History of the Building

The Original Building

In a rural village, adjacent to an open field, a patch of limestone was dug to provide the building blocks of what became a few rooms to house the livestock. Throughout the centuries this same building together with it’s surrounding experienced a  transformation to become the core of the village of Siggiewi.

That open field that was the playground to our forefathers as children had a stone statue of the much beloved patron saint erected just in the middle. This statue of Saint Nicholas was supposed to look uphill, towards the newly built Baroque church but legend tells us how the statue turned around overnight as it laid hanging for it to be lowered in place the following morning.

The small cluster of rooms, stood there through time, humbly serving it’s purpose but with a new dwelling built in the 70’s to host the family of Salvatore and Agnes Schembri.

Building Pjazza Suites

The current owners started works in 2017 to convert these two distinct buildings into an exclusive 5-suite Boutique Hotel. The challenge was to retain as much character and architectural heritage as possible to showcase the origins of the house whilst offering guests a comfortable accommodation.

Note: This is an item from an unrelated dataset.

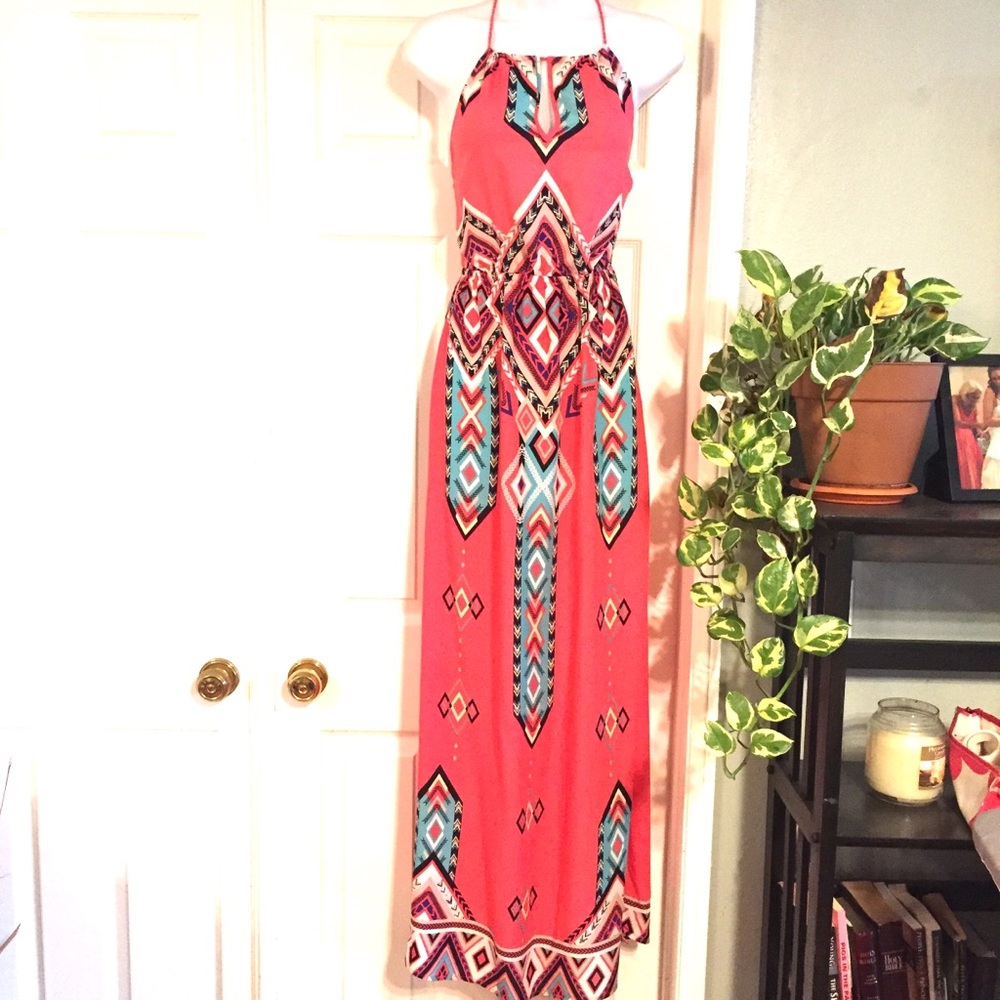 NO BOUNDARIES AZTEC HALTER DRESS SIZE M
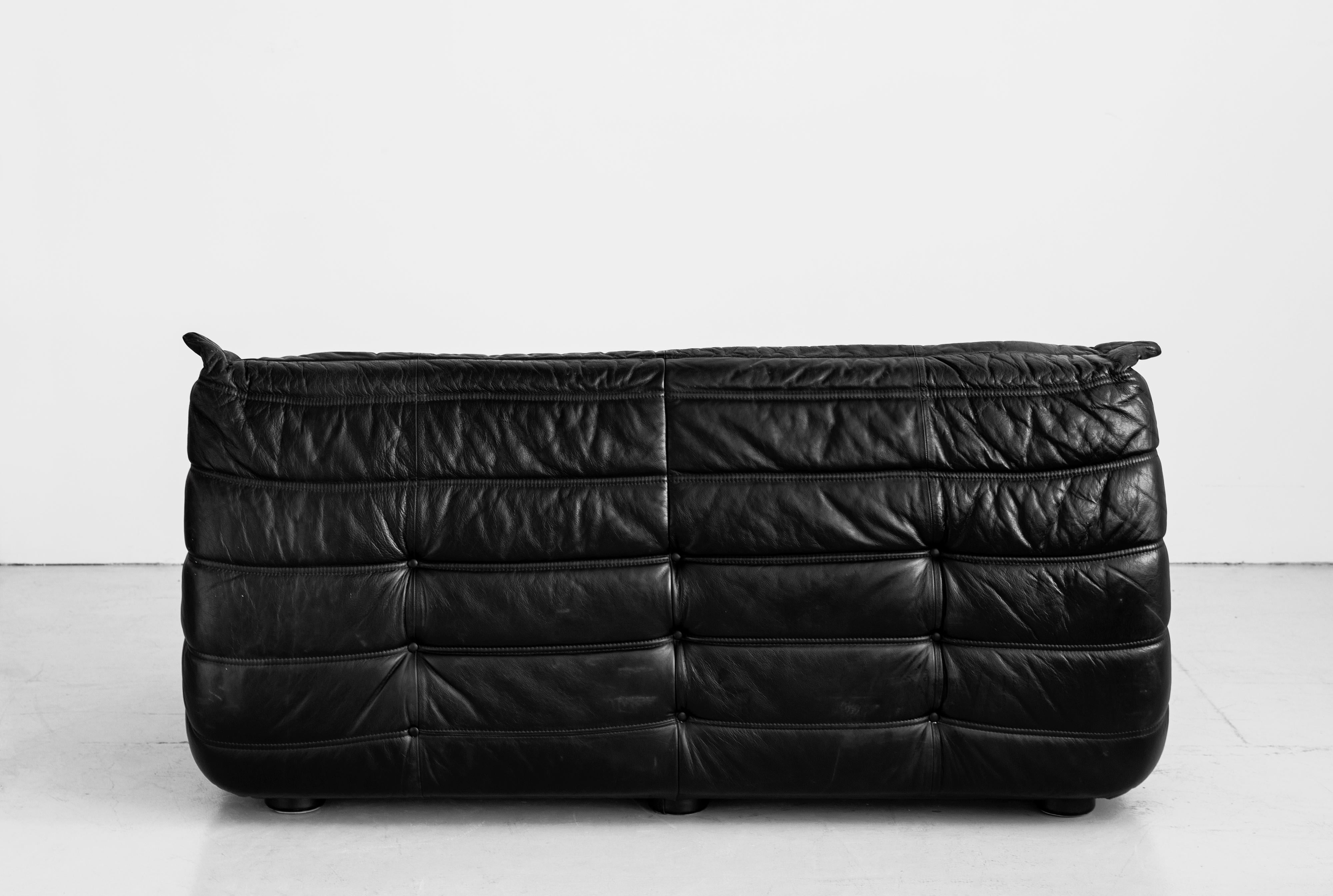 togo sofa black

Whilst the most recent part of the house, that built in the 70’s was completely demolished, the older rooms and the underlying water cistern were carefully dismantled, numbered and stored to be re-used in the new structure.

The owners wanted to remain true to the original layout of the farm, built on just 2 levels, surrounding an open courtyard and accessible through a central, open-air staircase. Today, Pjazza Suites Boutique Hotel proudly features in it’s suites a number of artefacts in limestone of an architectural importance, amongst which;

  • A pair of Arches spanning over 3 metres, cut and curved by hand;
  • This Slabs of limestone known in Maltese as xorok that used to span over arches to form ceilings;
  • Protruding Corbels known in Maltese as kileb that used to support the xorok at the extremities of the room;
  • Limestone walls/rubble walls at the perimeter of the property showing the different cutting techniques and sizes of slabs through time;
  • Remains of the quarry-like diggings on-site from where the material for building the original structure was obtained.